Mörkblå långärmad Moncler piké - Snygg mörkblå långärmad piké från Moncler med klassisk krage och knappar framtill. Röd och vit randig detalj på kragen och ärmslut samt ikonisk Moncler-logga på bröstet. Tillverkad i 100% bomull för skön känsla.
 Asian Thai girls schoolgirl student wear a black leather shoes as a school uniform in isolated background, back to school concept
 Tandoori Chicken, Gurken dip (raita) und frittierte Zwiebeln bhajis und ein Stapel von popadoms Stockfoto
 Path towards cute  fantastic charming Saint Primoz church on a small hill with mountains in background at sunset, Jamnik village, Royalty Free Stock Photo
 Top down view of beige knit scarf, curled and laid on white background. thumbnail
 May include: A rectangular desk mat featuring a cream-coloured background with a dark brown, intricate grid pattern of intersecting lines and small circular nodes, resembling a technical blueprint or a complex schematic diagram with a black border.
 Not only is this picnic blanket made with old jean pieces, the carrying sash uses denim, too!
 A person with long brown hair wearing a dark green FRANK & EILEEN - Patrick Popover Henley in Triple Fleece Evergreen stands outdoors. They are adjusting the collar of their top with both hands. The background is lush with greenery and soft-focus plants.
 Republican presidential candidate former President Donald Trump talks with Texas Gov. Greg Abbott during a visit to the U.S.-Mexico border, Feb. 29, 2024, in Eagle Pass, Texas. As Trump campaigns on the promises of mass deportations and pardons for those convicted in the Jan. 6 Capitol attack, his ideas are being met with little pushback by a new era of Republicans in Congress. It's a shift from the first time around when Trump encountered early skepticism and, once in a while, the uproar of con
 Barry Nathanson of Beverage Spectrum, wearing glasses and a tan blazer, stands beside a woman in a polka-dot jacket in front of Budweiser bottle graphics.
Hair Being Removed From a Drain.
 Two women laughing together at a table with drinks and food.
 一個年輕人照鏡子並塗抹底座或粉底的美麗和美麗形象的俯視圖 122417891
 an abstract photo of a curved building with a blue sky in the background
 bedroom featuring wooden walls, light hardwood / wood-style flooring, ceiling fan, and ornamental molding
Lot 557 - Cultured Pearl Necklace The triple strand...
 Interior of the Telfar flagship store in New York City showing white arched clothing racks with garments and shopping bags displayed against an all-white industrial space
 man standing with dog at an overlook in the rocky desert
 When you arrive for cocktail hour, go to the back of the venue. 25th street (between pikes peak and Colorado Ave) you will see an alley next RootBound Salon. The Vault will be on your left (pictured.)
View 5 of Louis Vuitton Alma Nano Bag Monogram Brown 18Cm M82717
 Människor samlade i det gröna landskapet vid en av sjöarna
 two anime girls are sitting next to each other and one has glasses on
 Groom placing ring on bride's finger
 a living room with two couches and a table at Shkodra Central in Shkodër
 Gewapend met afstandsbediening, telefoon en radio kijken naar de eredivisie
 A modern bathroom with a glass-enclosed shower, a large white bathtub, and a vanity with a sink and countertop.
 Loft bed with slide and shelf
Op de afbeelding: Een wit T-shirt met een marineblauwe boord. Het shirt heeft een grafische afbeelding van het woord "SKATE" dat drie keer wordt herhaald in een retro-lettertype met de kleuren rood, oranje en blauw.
========
## Requirement
Lines with "girls" in them are what the answer must contain; copy each from the records above.

## Response
 Asian Thai girls schoolgirl student wear a black leather shoes as a school uniform in isolated background, back to school concept
 two anime girls are sitting next to each other and one has glasses on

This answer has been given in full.